╭─ Excerpted records
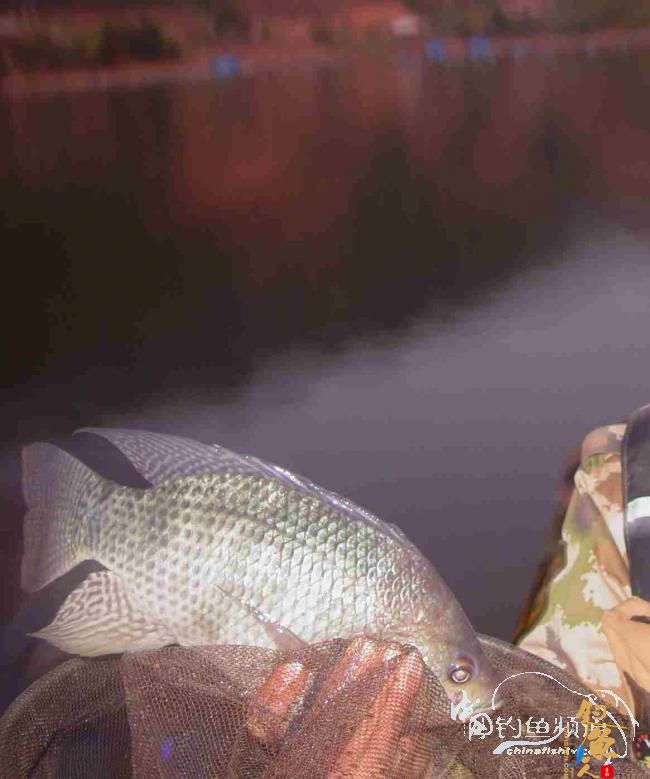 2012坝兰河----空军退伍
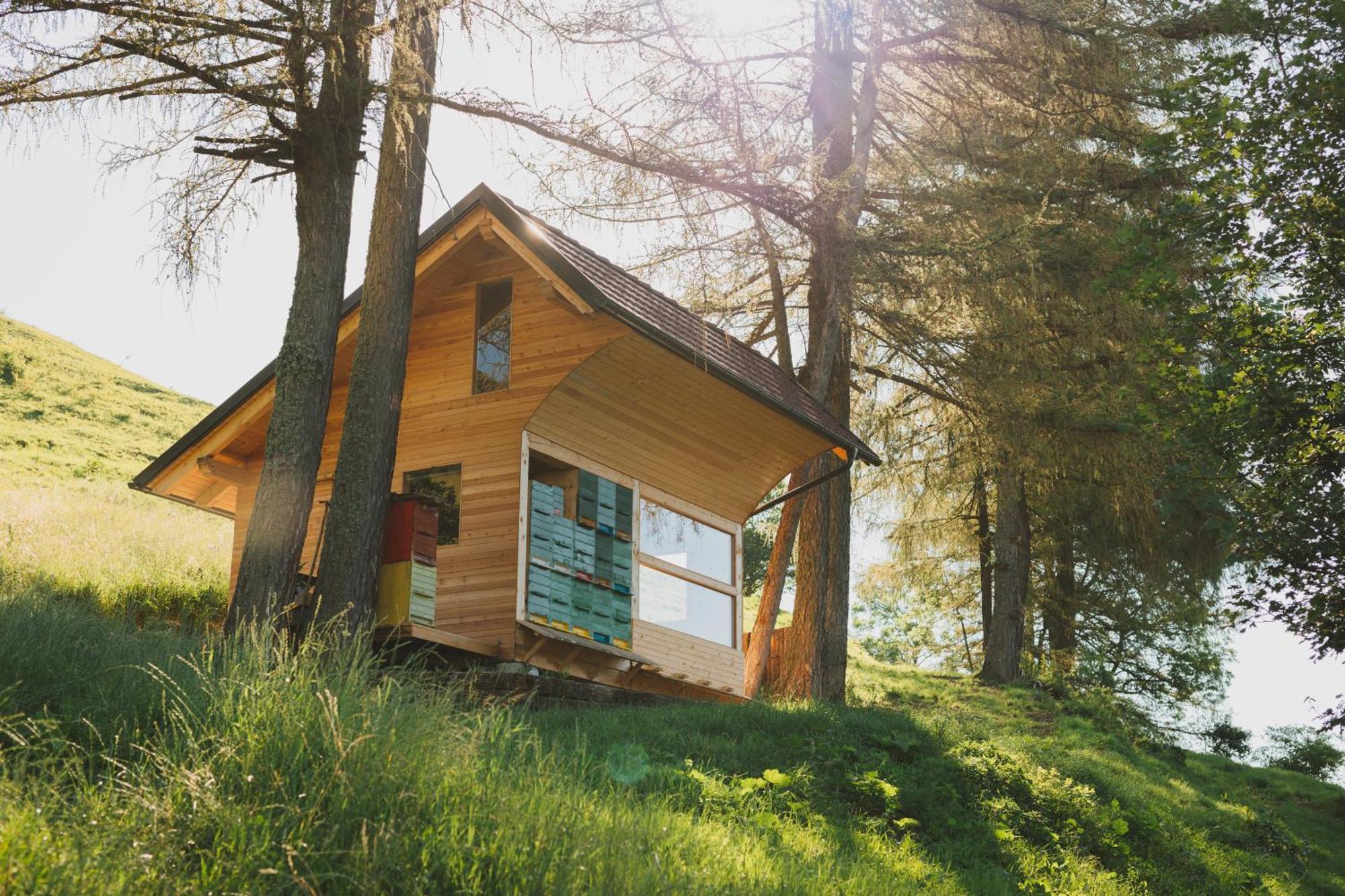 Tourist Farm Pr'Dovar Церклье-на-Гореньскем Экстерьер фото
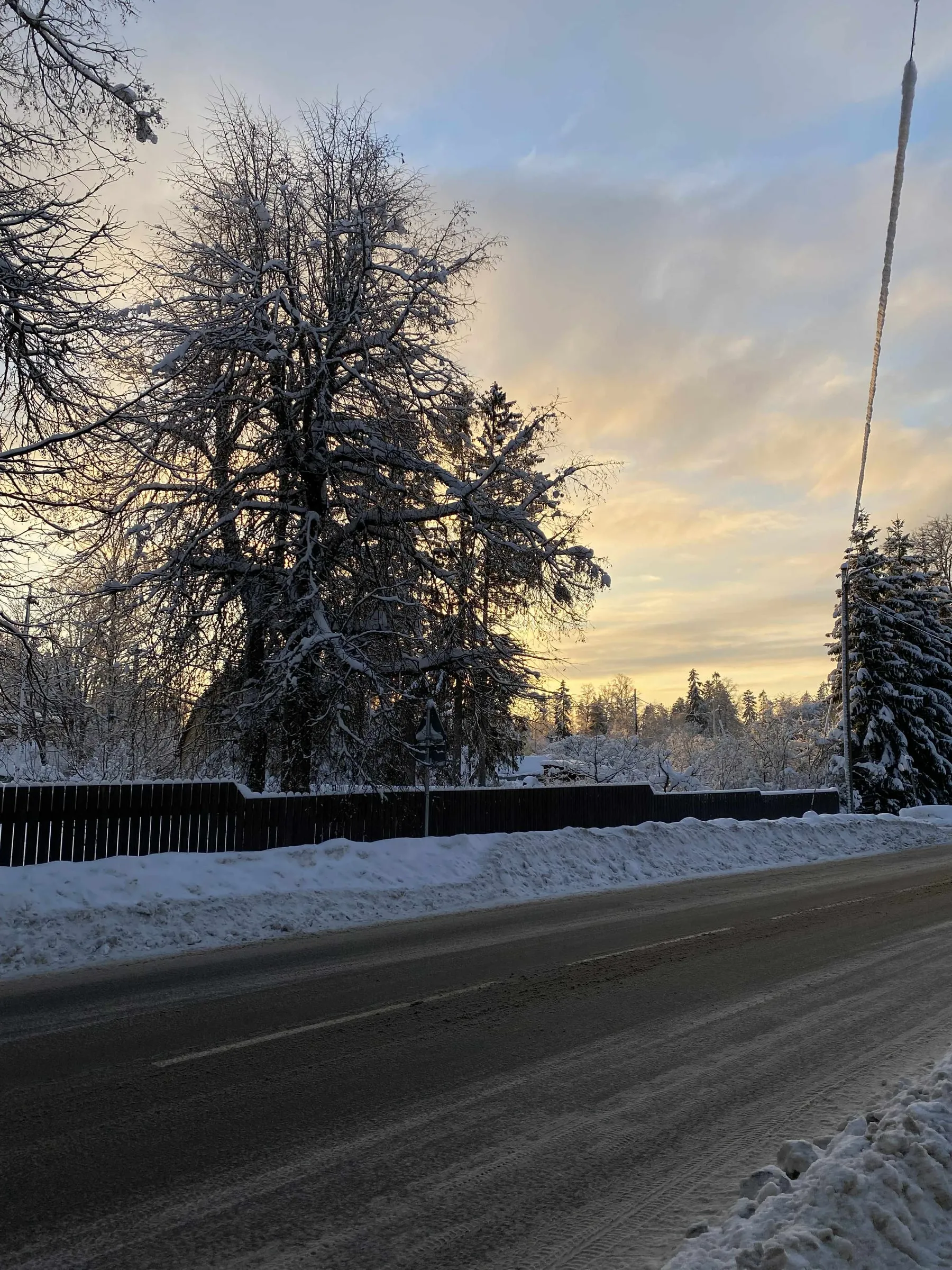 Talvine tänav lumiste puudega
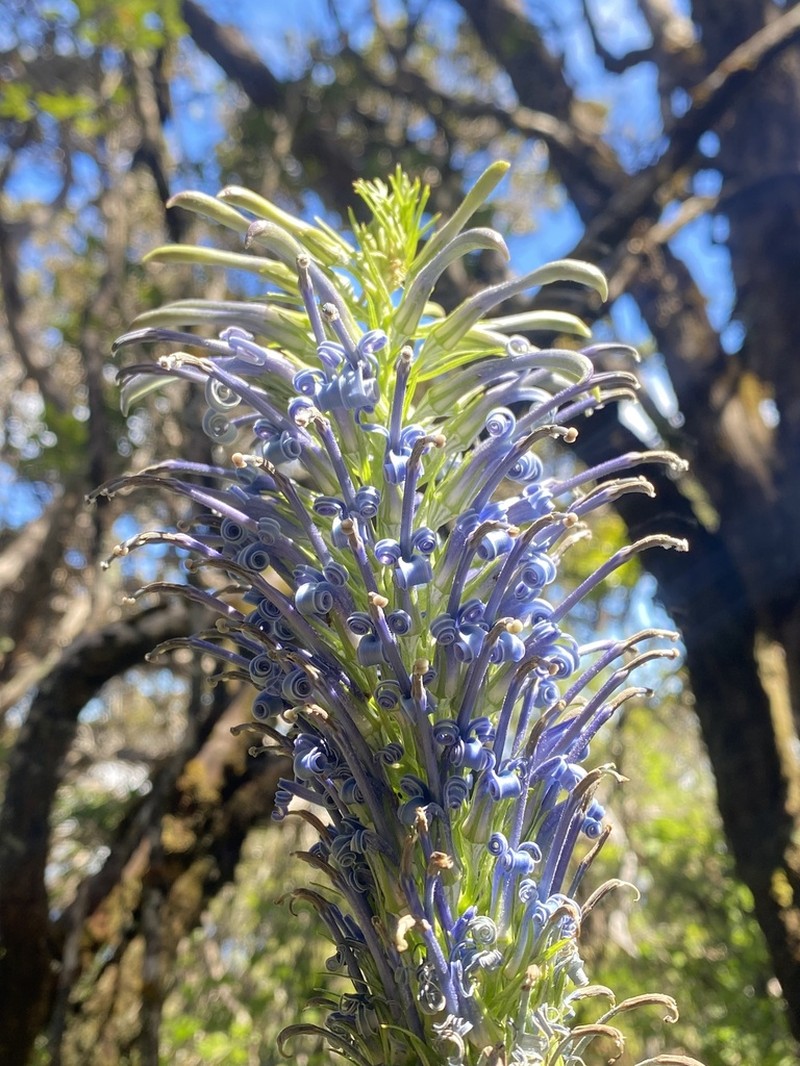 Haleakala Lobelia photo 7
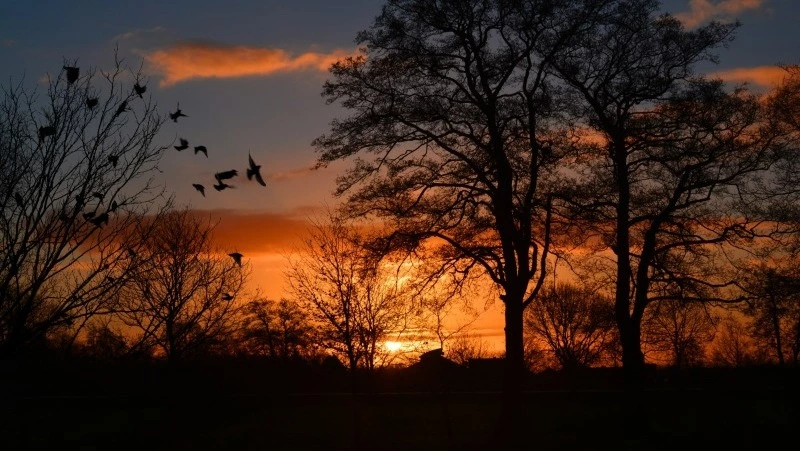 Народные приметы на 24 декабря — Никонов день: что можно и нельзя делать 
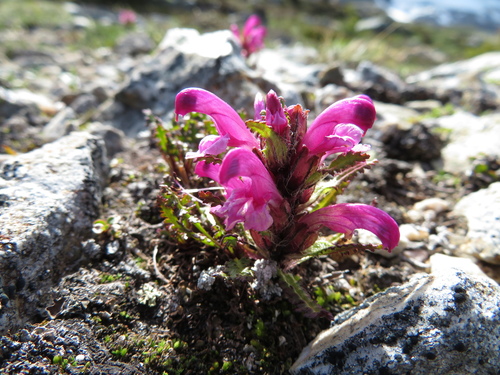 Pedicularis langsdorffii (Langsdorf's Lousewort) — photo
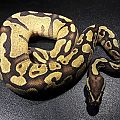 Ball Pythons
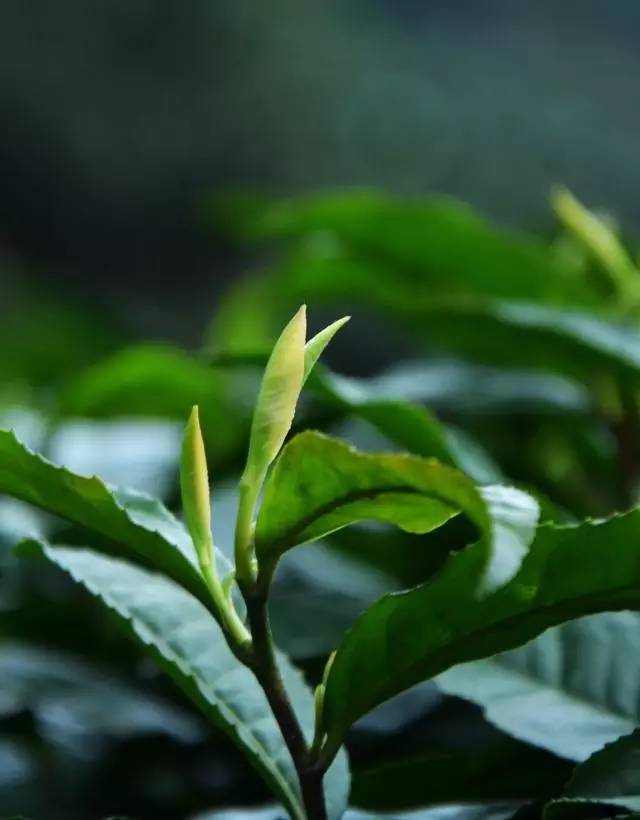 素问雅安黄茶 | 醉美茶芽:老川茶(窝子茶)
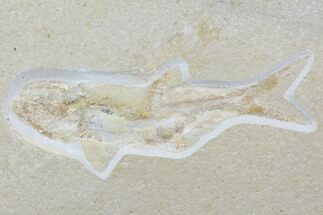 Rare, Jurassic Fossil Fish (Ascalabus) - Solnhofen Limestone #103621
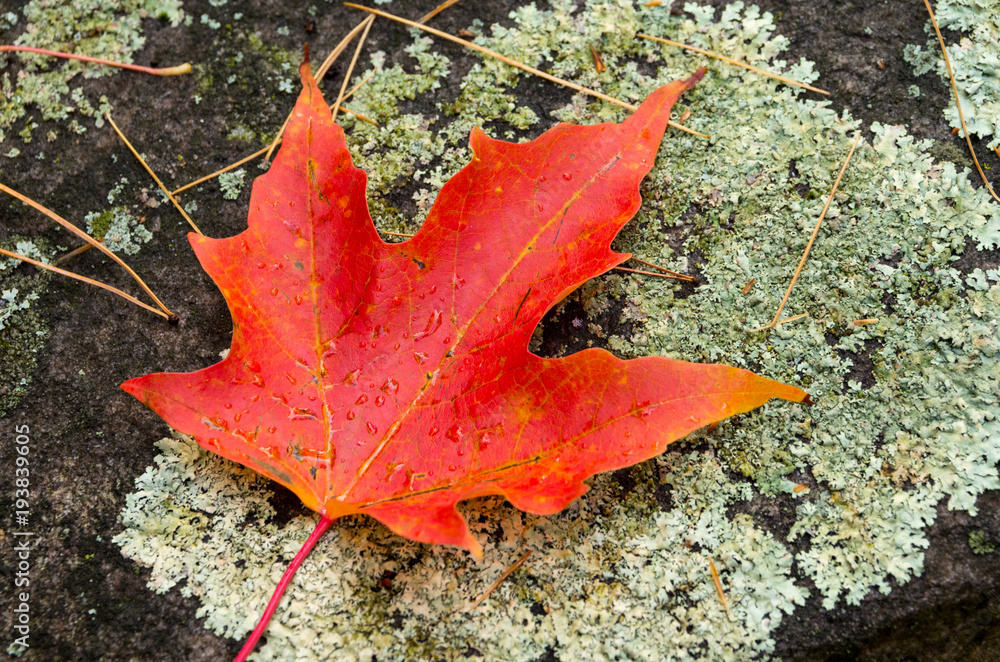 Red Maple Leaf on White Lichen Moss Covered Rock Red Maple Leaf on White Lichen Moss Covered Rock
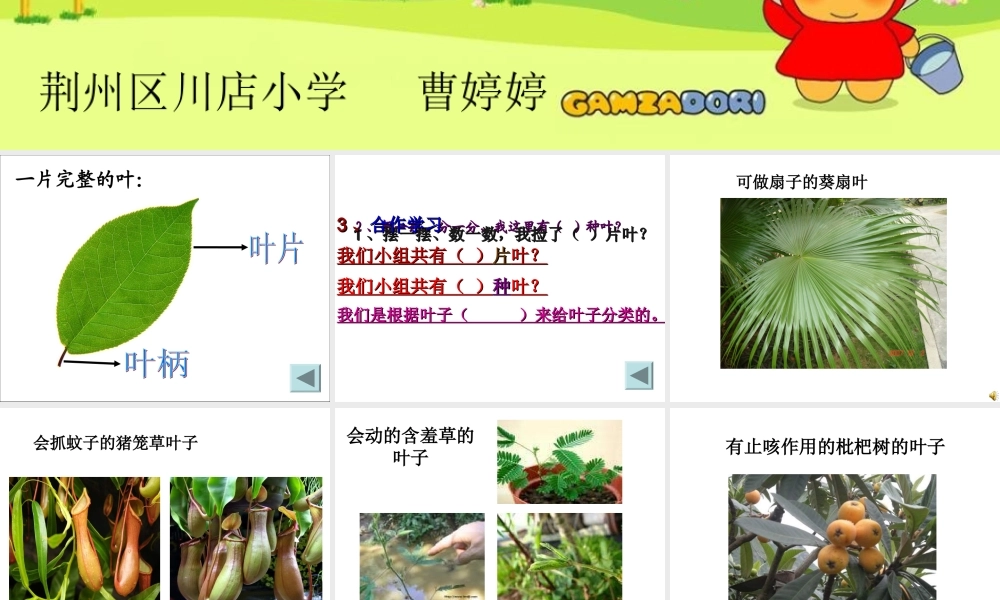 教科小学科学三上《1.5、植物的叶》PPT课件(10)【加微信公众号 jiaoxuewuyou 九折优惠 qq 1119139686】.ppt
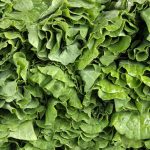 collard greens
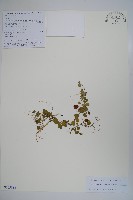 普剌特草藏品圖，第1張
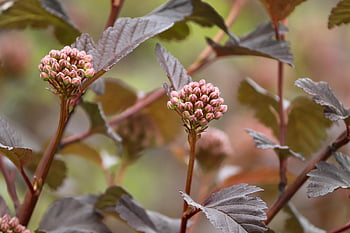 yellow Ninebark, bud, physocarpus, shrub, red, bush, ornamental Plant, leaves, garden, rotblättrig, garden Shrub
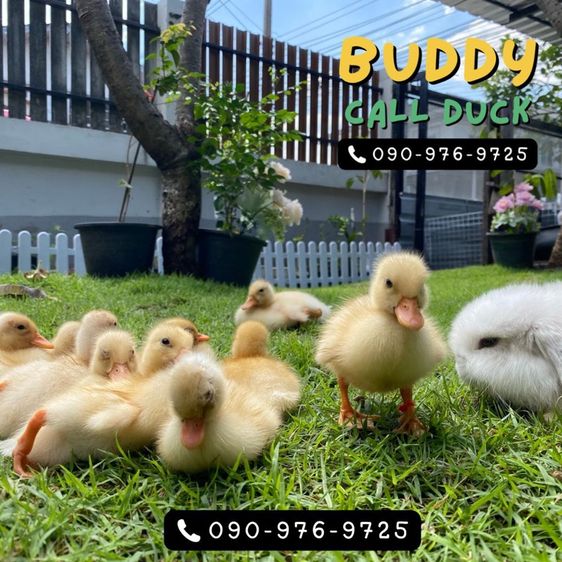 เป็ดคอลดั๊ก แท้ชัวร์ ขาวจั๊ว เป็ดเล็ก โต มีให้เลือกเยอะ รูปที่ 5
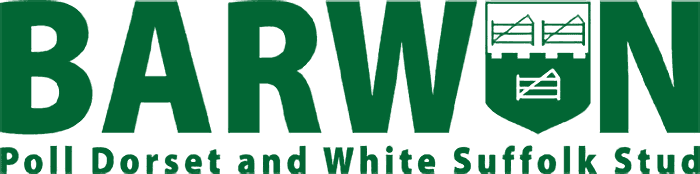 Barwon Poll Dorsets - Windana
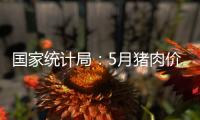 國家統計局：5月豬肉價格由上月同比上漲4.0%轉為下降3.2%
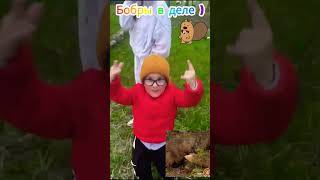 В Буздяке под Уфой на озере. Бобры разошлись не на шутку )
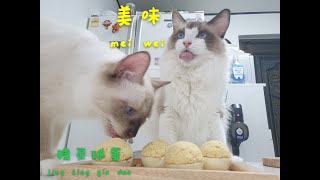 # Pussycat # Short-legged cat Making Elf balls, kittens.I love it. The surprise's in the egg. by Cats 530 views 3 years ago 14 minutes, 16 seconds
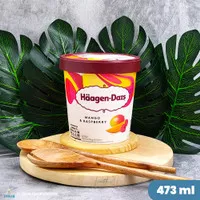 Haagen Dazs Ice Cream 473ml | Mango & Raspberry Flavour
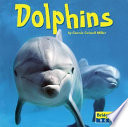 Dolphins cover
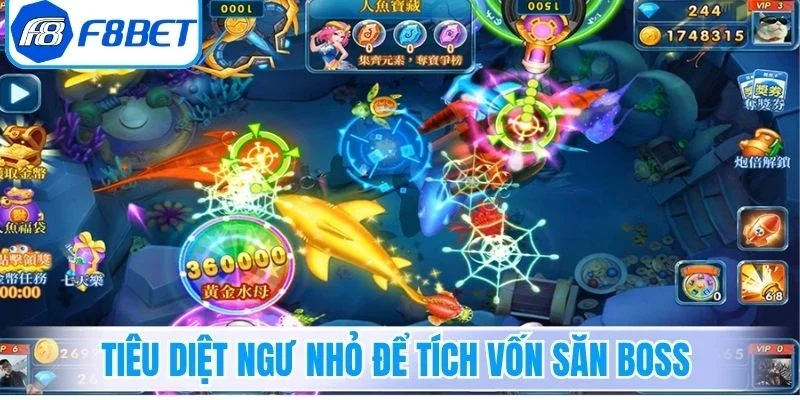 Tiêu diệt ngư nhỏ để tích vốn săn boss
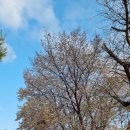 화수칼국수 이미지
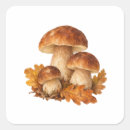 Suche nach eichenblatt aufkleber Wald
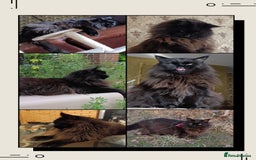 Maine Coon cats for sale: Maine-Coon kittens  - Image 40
╰─
Give the data again exactly, image-free.

 2012坝兰河----空军退伍
 Tourist Farm Pr'Dovar Церклье-на-Гореньскем Экстерьер фото
 Talvine tänav lumiste puudega
 Haleakala Lobelia photo 7
 Народные приметы на 24 декабря — Никонов день: что можно и нельзя делать 
 Pedicularis langsdorffii (Langsdorf's Lousewort) — photo
 Ball Pythons
 素问雅安黄茶 | 醉美茶芽:老川茶(窝子茶)
 Rare, Jurassic Fossil Fish (Ascalabus) - Solnhofen Limestone #103621
 Red Maple Leaf on White Lichen Moss Covered Rock Red Maple Leaf on White Lichen Moss Covered Rock
 教科小学科学三上《1.5、植物的叶》PPT课件(10)【加微信公众号 jiaoxuewuyou 九折优惠 qq 1119139686】.ppt
 collard greens
 普剌特草藏品圖，第1張
 yellow Ninebark, bud, physocarpus, shrub, red, bush, ornamental Plant, leaves, garden, rotblättrig, garden Shrub
 เป็ดคอลดั๊ก แท้ชัวร์ ขาวจั๊ว เป็ดเล็ก โต มีให้เลือกเยอะ รูปที่ 5
 Barwon Poll Dorsets - Windana
 國家統計局：5月豬肉價格由上月同比上漲4.0%轉為下降3.2%
 В Буздяке под Уфой на озере. Бобры разошлись не на шутку )
 # Pussycat # Short-legged cat Making Elf balls, kittens.I love it. The surprise's in the egg. by Cats 530 views 3 years ago 14 minutes, 16 seconds
 Haagen Dazs Ice Cream 473ml | Mango & Raspberry Flavour
 Dolphins cover
 Tiêu diệt ngư nhỏ để tích vốn săn boss
 화수칼국수 이미지
 Suche nach eichenblatt aufkleber Wald
 Maine Coon cats for sale: Maine-Coon kittens  - Image 40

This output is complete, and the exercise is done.